Exercise prompt: Whatever precedes the line containing "Triathlon Women - Untersetzer" is not copied; that line and every line after it through the final one below are copied exactly, except pictures.

Provided data:
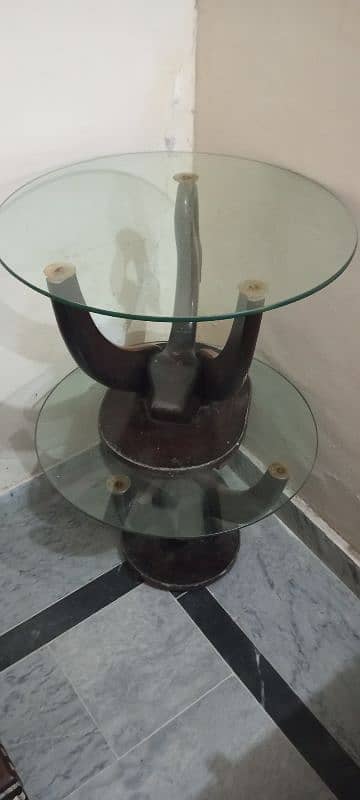 2 side tables and center table 1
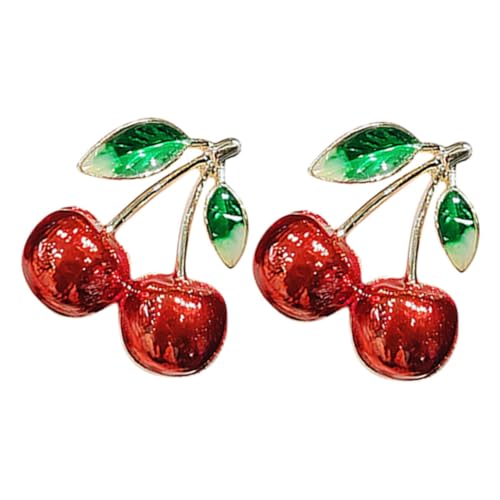 TOPPERFUN 2 Stück Anstecknadeln aus Langlebiger Legierung Modische Broschen mit Süßem Fruchtmotiv Vielseitig Kombinierbar für Damen Stilvolle Accessoires für Hochzeit Alltag und Festtage von TOPPERFUN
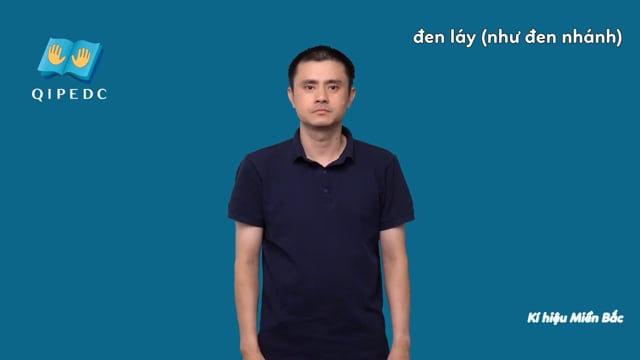 đen láy (như đen nhánh)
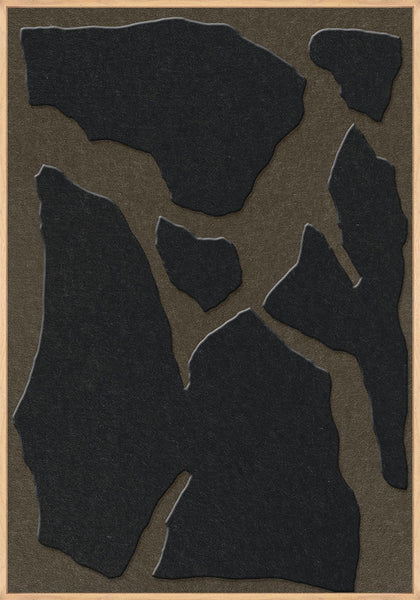 Soundgarden 1 | ACOUSTIC ART Acoustic Art ART COPENHAGEN (DA) Ege ramme // 70x100 // Sort // Brun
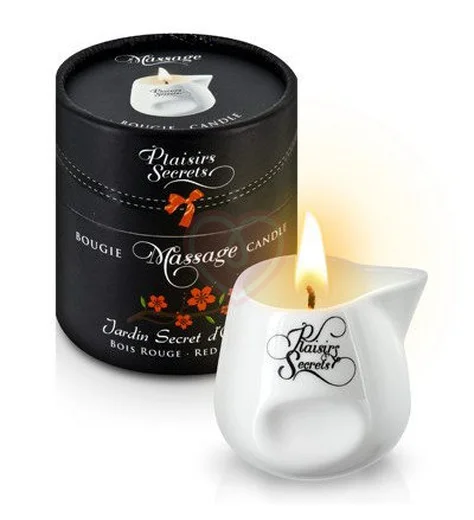 Свеча с массажным маслом Concorde Massage Candle Красное дерево 80 мл фото 1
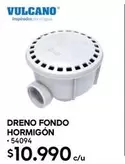 Dreno Fondo Hormigon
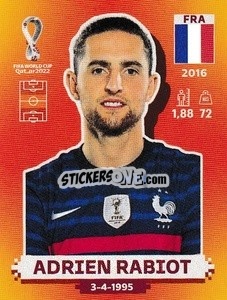 Sticker Adrien Rabiot - FIFA World Cup Qatar 2022. International Edition - Panini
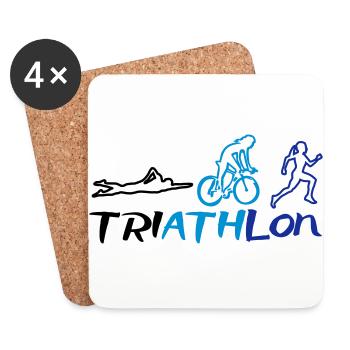 Triathlon Women - Untersetzer (4er-Set) - Weiß - Vorne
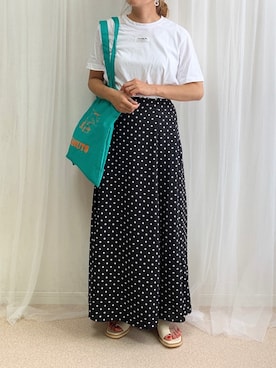 「ipumu（イプム）のアイテム」を使った、anmiさん（レディース・156cm）の夏コーディネート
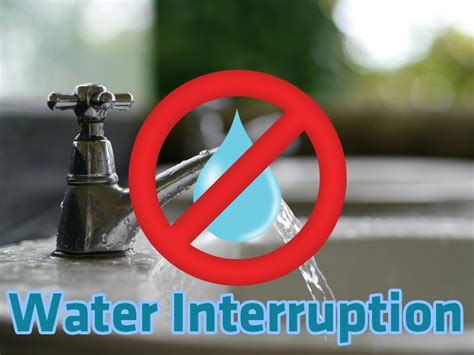Post advisory notices against consuming tap water, ice, or beverages made with water. Notice: Water interruption in Tekwane North | Mpumalanga News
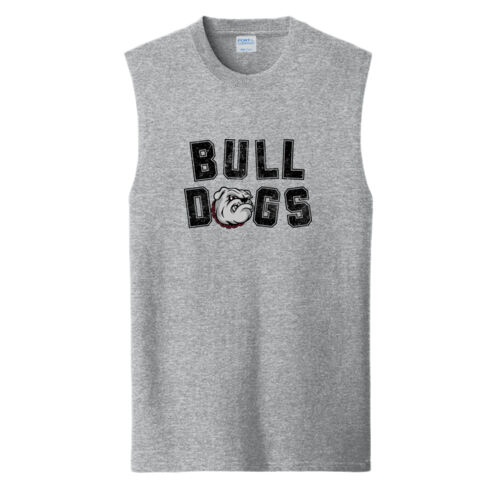 Vintage Bulldogs  - Core Cotton Sleeveless Tee Thumbnail
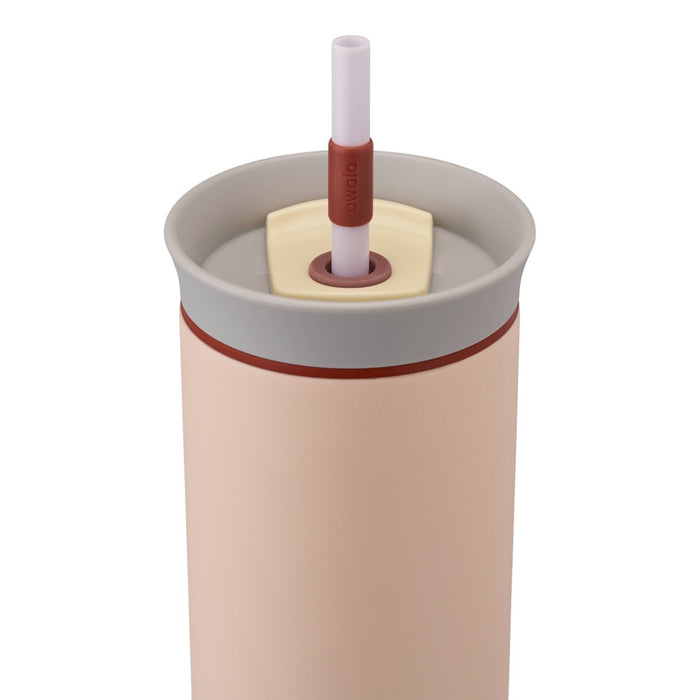 Owala 24oz Stainless Steel Straw Tumbler - Sandy Shores
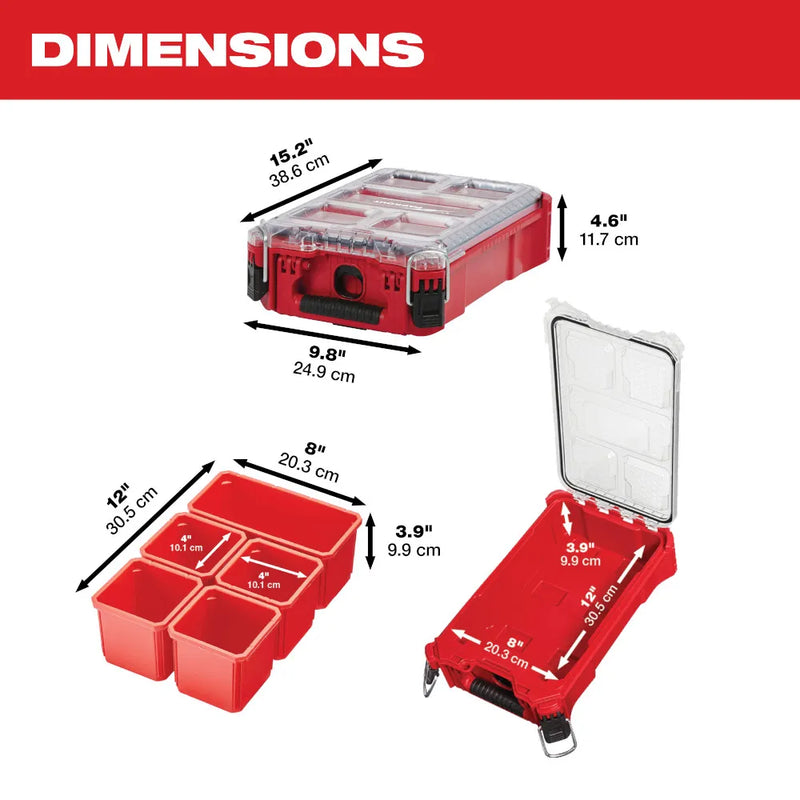 MALETA ORGANIZADORA COMPACTA PACKOUT MILWAUKEE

Result of this task:
 Triathlon Women - Untersetzer (4er-Set) - Weiß - Vorne
 「ipumu（イプム）のアイテム」を使った、anmiさん（レディース・156cm）の夏コーディネート
Post advisory notices against consuming tap water, ice, or beverages made with water. Notice: Water interruption in Tekwane North | Mpumalanga News
 Vintage Bulldogs  - Core Cotton Sleeveless Tee Thumbnail
 Owala 24oz Stainless Steel Straw Tumbler - Sandy Shores
 MALETA ORGANIZADORA COMPACTA PACKOUT MILWAUKEE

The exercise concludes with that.